Dates of operation: 1983 – 1999

Replaced by: Mission: SPACE

Ask a Disney Parks fan to list their most-missed attractions, and there’s a good chance you’ll find Horizons at the top of it. After all, how many rides truly put Disney’s “If you can dream it, you can do it” ethos to the test?

When it first opened in 1983, exactly one year after EPCOT’s own premiere, Horizons offered guests a satisfying sequel to the already-beloved Carousel of Progress in Magic Kingdom. Visionaries who stepped aboard the Omnimover vehicles were transported to an as-yet unrealized version of the future, in which desert farms, floating underwater cities, and space colonies were not only possible, but common. It was a fascinating blend of cutting-edge technology and innovative edutainment, something that couldn’t have more perfectly summed up the essence of the park’s Future World pavilion.

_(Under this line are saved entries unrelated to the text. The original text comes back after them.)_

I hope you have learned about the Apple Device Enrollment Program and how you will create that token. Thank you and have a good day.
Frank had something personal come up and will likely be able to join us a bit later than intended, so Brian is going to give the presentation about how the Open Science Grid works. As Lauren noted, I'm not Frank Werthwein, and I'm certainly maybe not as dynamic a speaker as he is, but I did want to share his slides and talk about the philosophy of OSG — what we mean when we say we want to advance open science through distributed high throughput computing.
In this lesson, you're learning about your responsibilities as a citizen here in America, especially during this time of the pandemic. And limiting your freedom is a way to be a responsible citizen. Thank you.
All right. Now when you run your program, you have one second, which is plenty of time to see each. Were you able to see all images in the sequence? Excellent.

Ten years later, Horizons’ sponsor declined to renew their contract with Disney. General Electric had poured a decade of funding into the project, and while the ride had established a fanbase and reputation within the park, the company didn’t feel an impetus to extend their sponsorship for another long-term deal.

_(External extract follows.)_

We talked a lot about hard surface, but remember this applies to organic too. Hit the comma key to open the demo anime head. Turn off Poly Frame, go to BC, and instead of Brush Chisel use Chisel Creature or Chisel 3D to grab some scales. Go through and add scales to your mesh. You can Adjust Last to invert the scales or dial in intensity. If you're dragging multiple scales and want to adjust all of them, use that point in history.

Image: Sam Howzit, Flickr (license)

It was bad timing for Disney; in 1995, they were planning to shut down Universe of Energy and World of Motion for much-needed refurbishments. They decided to keep Horizons running—albeit sponsor-less—through the winter of 1999, when it was shuttered and razed to make way for a new space-themed attraction called Mission: SPACE.

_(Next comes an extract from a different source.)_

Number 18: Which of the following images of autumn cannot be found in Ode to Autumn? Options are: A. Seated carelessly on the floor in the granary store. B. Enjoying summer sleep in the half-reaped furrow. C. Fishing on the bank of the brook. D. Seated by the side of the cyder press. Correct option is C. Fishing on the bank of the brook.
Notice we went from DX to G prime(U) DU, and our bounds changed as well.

Unlike the other attractions on this list, Horizons wasn’t shut down because Disney didn’t recognize its potential or popularity. In addition to the lack of sponsorship, the building reportedly suffered from a plethora of structural problems and was later seemed unsafe for the thousands of guests pouring through Epcot’s entrance. It may have had something to do with a weak foundation, an issue with the soil under the building, roof issues… or even a sinkhole. Whatever the case, its fate was the same. And, while Mission: SPACE has proved a polarizing and thrilling addition to Future World, Disney hasn’t attempted anything close to the more imaginative, elegant Horizons in the two decades since its unfortunate demise.

2. Country Bear Jamboree

Country Bear Jamboree

Image: HarshLight, Flickr (license)

Dates of operation: 1972 – 2001

Replaced by: The Many Adventures of Winnie the Pooh

From the moment Henry introduced the dishpan-tapping, mouthharp-playing Five Bear Rugs in 1971, the Country Bear Jamboree appealed to the hearts and imaginations of even the most steel-hearted cynic in the Magic Kingdom. While the 18-critter cast has been a mainstay in Walt Disney World for nearly five decades now, it proved far less popular over its 29-year run in Disneyland.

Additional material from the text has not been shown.